On June 13, 1966, the Supreme Court ruled in Miranda v. Arizona that criminal suspects must be informed of their constitutional rights before questioning by police. Here are 5 things you need to know about the Miranda rights...
When a Miranda Warning Is Used A Miranda warning is only used if the individual is under arrest or in the custody of the police and will be questioned. Whatever that individual says, whether to an officer or investigator before being taken into custody, is admissible in a court of law. This includes interviews and conversations that are either at a home or crime scene or when the person is free to leave at any time.
Miranda Rights Did Not Help the Person They Were Named After Ernesto Miranda was a man with a long criminal history, who was arrested as a suspect in a rape and robbery case and signed a confession after two hours of being interrogated by police. He was convicted, but the case ended up in the Supreme Court, where it was overturned because Miranda was unaware of his rights. He was re-tried in the case, found guilty and sentenced to prison for up to 30 years, but died four years after his parole in a bar fight.

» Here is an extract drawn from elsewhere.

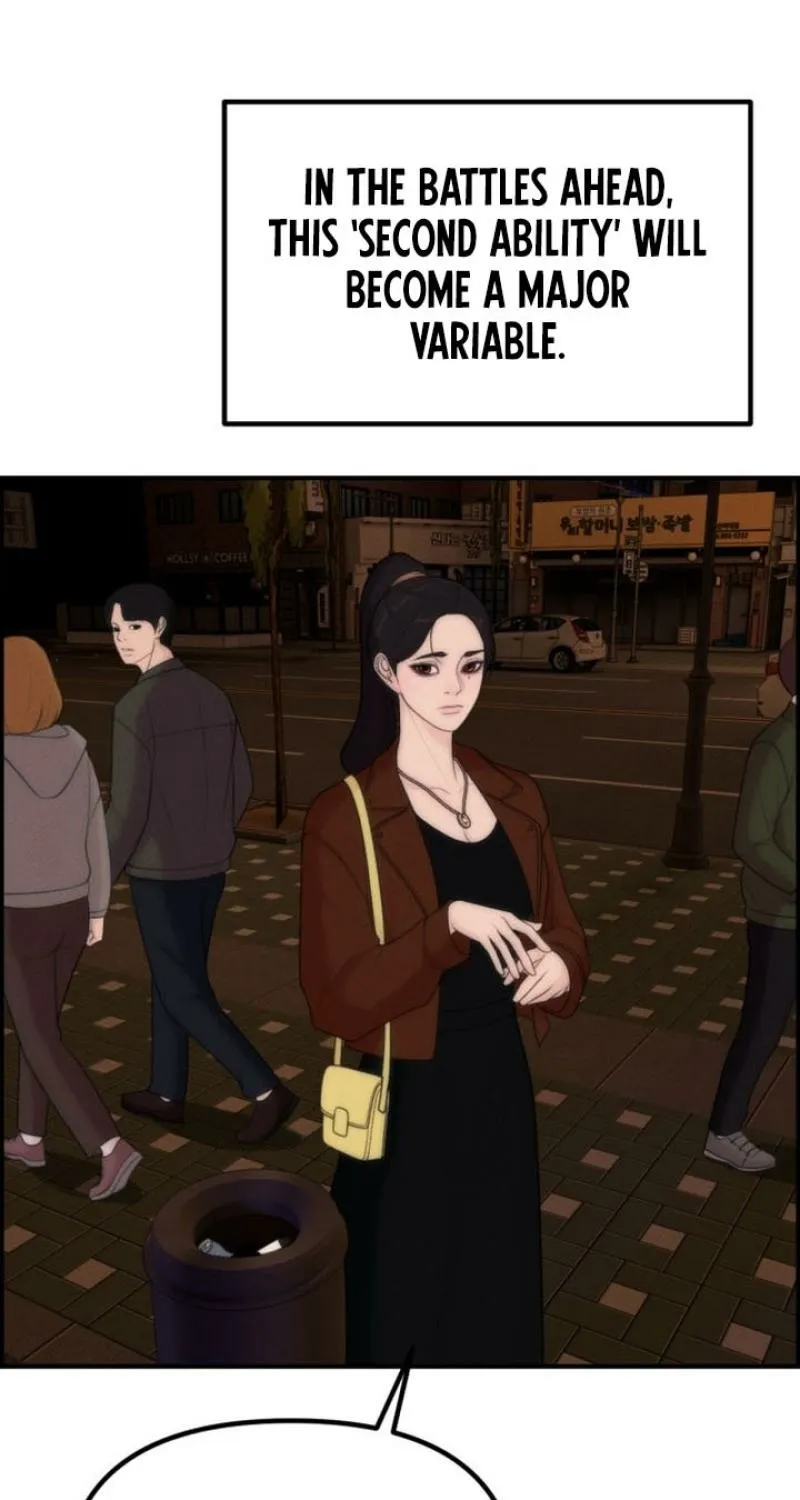 Read Pretty Collection chapter 14 image 84 on Lezhin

Deaf Persons Are Not Given a Miranda Warning Police are told not to question deaf suspects until they have a lawyer and that person is present for the questioning. No option is given for using a Miranda warning that is written out or lip-reading because both depend on the person’s ability to read and understand. Because there are several technical and legal terms that are difficult to express in sign language, the Department of Justice recommends waiting for a lawyer to show up.
Confession Rates May Be Lower Because of Miranda The conviction rate of suspects is not agreed upon by legal experts, but some studies show a lower rate of self-incrimination and confession since Miranda rights began. In Pittsburgh, the rate of confessions dropped to 32.3 percent from 48.5 percent in a matter of months after Miranda was required, while in Manhattan, confessions dropped to 14.5 percent from 49 percent only six months previously.
Miranda Rights Don't Apply To Simple Traffic Stops Police officers don’t read Miranda rights during traffic stops, even though they do question drivers. In Berkemer v. McCarty (1984)—in which an Ohio man fought his DUI arrest on the grounds that the officer did not Mirandize him during the stop, the Supreme Court ruled that advisement of rights only applied when a suspect was in police custody.